The next chapter, “Character,” is supposed to convince us not to treat characters in literature like living persons, not to lose track of their fictional nature. This psychologically demanding text is required in order to avoid flattening the meaning of works of literature by turning them into illustrations of life, “true-life reports.” “Literary figures have no pre-history. It is said that a theatre director who was staging one of Harold Pinter’s plays asked the playwright for some hints as to what his characters were up to before they came on stage. Pinter’s reply was ‘Mind your own fucking business’” (p. 46). For the same reason, ethical assessments of the characters are a vain and usually meaningless endeavor. On the other hand, an analysis of a character’s development in the context of the development of literary forms can yield meaning, as it enables us to examine such fundamental anthropological questions as the formation of contemporary individualism, the interdependence of epistemological uncertainty and the surplus of information (the more facts we have access to, the more indefinite and unclear existence becomes), the correlation between private and public life, and the modernist category of the crisis.
Literature is constructed on conventions.

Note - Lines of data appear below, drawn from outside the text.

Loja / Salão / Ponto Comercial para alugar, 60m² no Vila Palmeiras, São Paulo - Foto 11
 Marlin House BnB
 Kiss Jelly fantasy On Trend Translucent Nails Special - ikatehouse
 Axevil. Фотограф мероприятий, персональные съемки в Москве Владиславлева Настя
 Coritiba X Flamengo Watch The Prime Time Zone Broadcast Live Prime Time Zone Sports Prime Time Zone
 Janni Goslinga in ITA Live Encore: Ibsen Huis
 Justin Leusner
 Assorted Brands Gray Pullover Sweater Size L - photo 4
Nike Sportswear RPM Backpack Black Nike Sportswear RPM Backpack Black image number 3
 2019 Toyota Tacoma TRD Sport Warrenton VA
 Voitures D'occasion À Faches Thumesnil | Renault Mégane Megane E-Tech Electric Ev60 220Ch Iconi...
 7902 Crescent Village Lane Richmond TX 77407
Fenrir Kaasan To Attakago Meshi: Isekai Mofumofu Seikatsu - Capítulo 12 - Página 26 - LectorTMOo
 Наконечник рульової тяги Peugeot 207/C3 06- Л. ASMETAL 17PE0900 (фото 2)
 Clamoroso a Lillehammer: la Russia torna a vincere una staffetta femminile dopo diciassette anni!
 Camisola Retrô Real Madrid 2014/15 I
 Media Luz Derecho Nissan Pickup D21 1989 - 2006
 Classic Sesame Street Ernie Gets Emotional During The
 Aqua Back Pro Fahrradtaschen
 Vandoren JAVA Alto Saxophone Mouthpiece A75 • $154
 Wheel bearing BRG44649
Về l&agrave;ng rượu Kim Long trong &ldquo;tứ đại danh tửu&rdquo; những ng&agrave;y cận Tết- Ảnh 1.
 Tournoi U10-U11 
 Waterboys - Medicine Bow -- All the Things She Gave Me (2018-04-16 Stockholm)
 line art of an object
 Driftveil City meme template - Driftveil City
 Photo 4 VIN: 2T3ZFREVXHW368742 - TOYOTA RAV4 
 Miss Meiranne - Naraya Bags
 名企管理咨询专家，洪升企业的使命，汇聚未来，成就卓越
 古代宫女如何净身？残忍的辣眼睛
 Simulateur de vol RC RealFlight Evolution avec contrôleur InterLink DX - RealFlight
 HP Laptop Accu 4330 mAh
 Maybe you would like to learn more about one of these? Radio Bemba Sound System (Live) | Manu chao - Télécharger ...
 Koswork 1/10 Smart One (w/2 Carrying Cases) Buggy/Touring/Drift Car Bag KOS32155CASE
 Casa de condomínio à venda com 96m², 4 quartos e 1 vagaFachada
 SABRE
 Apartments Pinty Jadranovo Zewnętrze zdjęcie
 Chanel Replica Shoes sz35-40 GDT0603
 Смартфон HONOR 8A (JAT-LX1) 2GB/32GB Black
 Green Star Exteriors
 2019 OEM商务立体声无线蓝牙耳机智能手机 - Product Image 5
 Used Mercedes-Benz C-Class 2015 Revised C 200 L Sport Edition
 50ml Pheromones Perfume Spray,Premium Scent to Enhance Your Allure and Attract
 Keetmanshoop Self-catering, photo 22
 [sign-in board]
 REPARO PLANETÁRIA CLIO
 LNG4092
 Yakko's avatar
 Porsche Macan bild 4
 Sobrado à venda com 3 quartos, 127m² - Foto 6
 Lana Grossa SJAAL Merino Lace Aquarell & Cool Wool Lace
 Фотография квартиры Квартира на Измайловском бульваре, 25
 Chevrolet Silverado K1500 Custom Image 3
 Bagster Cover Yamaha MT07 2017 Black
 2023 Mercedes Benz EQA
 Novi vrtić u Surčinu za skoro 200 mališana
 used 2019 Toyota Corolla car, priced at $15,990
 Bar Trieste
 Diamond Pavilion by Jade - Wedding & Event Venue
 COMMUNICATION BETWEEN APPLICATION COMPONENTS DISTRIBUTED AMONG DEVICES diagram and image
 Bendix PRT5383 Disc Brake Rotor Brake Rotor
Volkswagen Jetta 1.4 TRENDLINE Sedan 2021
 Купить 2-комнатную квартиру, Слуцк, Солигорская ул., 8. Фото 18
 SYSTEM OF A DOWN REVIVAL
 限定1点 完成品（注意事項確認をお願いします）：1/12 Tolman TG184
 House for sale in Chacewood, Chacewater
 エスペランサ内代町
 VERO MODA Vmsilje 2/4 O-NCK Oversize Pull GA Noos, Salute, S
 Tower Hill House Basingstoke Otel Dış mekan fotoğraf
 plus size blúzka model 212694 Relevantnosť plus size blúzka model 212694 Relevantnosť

That is why we do not argue with the narrator, when he tells us he knows something (this is explained in the chapter on “Narrative”). We do not argue because in accordance with a tacit agreement we know that nothing in literature happens for real, that we have quite simply arranged to believe in an illusion. We do not accuse him of ill will or immorality, nor do we attribute to him any particular ideology. For Eagleton, various accusations directed at narrators of fictional texts are absurd. That is another important fact misunderstood by ethical critics, who fail to see the importance of illusion.“ As Oscar Wilde remarked, art is a place where one thing can be true, but also its opposite. One thinks of the final sentences of Samuel Beckett’s novel Molloy: “It is midnight. The rain is beating on the window. It was not midnight. It was not raining” (p. 83). Narration is a sort of metalanguage, the voice of a novel, impossible to question or to criticize. For that very reason, all narration is, in the final analysis, ironic, and combines knowledge with the limitations of knowledge. Whatever those limitations, however, the novel stands as its own authority and confirmation.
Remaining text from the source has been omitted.